La ragione per la quale vadano somministrati, chessò, ai poliziotti o ai piloti di aereo è immediatamente intuitiva; per le toghe un po’ meno, ed infatti nessuno dei suoi sostenitori ce ne spiega con precisione l’oggetto. Quale test sarebbe somministrato, e per accertare cosa, esattamente? Quali i parametri, quali gli esiti che dovrebbero risultare impeditivi della messa in ruolo per un concorrente che abbia vinto il concorso? Se proprio dobbiamo appassionarci al tema, verrebbe da dire che la somministrazione di un test psico-attitudinale potrebbe avere un senso, semmai, ad un certo punto della carriera, per esempio quando le performance professionali di quel magistrato fossero tali da far dubitare del suo equilibrio.
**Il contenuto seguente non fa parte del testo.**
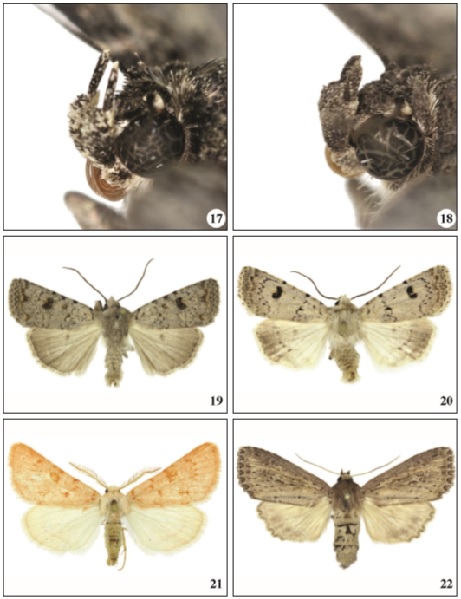 17. Nyctobrya vilfredi Falck & Karsholt, sp. n., palps, Gran Canaria. 18. Nyctobrya pinkeri Behounek & Speidel, 2013, palps, Gran Canaria. 19. Caradrina rebeli rebeli Staudinger, 1901,♂, Tenerife, 31 mm. 20. Caradrina rebeli lanzarotensis Pinker, 1962,♂, Fuerteventura, 27.5 mm. 21. Polymixis aurora (Turati, 1924),♂, Fuerteventura, 31 mm. 22. Nonagria typhae (Thunberg, 1784),♀, Gran Canaria, 46 mm.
In ogni caso, si tratta di una riformetta incerta nei contenuti, discutibile negli obiettivi, inutilmente destinata a scatenare polemiche feroci e contenziosi infiniti, in cambio, diciamocelo, di un po’ di fuffa. Di enorme gravità è invece la scelta del Governo di svuotare di ogni significato la riforma che aveva introdotto il c.d. “fascicolo delle performance”. Detto più semplicemente, la riforma Cartabia aveva finalmente posto le basi per una valutazione effettiva della professionalità del singolo magistrato, e della meritevolezza del suo avanzare in carriera, fino ad oggi, come è noto, del tutto automatico. Si è obiettato che tale riforma si fondasse su un presupposto impossibile da realizzare, cioè la raccolta in un solo fascicolo di tutti i provvedimenti adottati da quel giudice, e dell’esito delle relative impugnazioni. Una obiezione invero sensata, ma che doveva e poteva essere affrontata e risolta.
Per esempio, limitando il fascicolo alle sole statistiche dell’attività del magistrato, in base alle quali poi eventualmente procedere ad approfondimenti. Se il magistrato Tizio si vede annullare in appello il 70% delle sue sentenze, o assolvere il 50% delle persone delle quali ha chiesto o disposto l’arresto, questo segnala un problema, che andrà approfondito alla scadenza valutativa quadriennale. E lo stesso vale per la produttività, i tempi delle decisioni, lo smaltimento degli arretrati. Ma la scelta del Governo di riaffermare il principio del controllo “a campione” equivale né più né meno che alla abrogazione della riforma, per ragioni a tal punto evidenti da non dover essere nemmeno illustrate. Viene di nuovo garantita, insomma, la totale irresponsabilità professionale del magistrato, il cui concreto operato non avrà mai nessuna occasione per essere vagliato e giudicato ai fini dell’avanzamento in carriera.
In tal modo si alimenta ancora una volta la vera ragione dello squilibrio democratico che da trent’anni affligge il nostro Paese. Dei tre poteri dello Stato -legislativo, esecutivo, giudiziario- solo quest’ultimo non risponde a nessuno del proprio agire. Non disciplinarmente, garantito come è da una giustizia domestica e correntizia; non patrimonialmente, come attestato dal naufragio delle norme sulla responsabilità civile del magistrato; non professionalmente, grazie ad una progressione automatica in carriera che il Ministro Nordio e l’intera maggioranza si sono preoccupati di salvaguardare ancora, neutralizzando la riforma Cartabia che aveva osato metterla in discussione. Ancora una volta, un po’ di fumo negli occhi, e tanta premurosa accondiscendenza verso le richieste della Magistratura associata sulle questioni che contano davvero.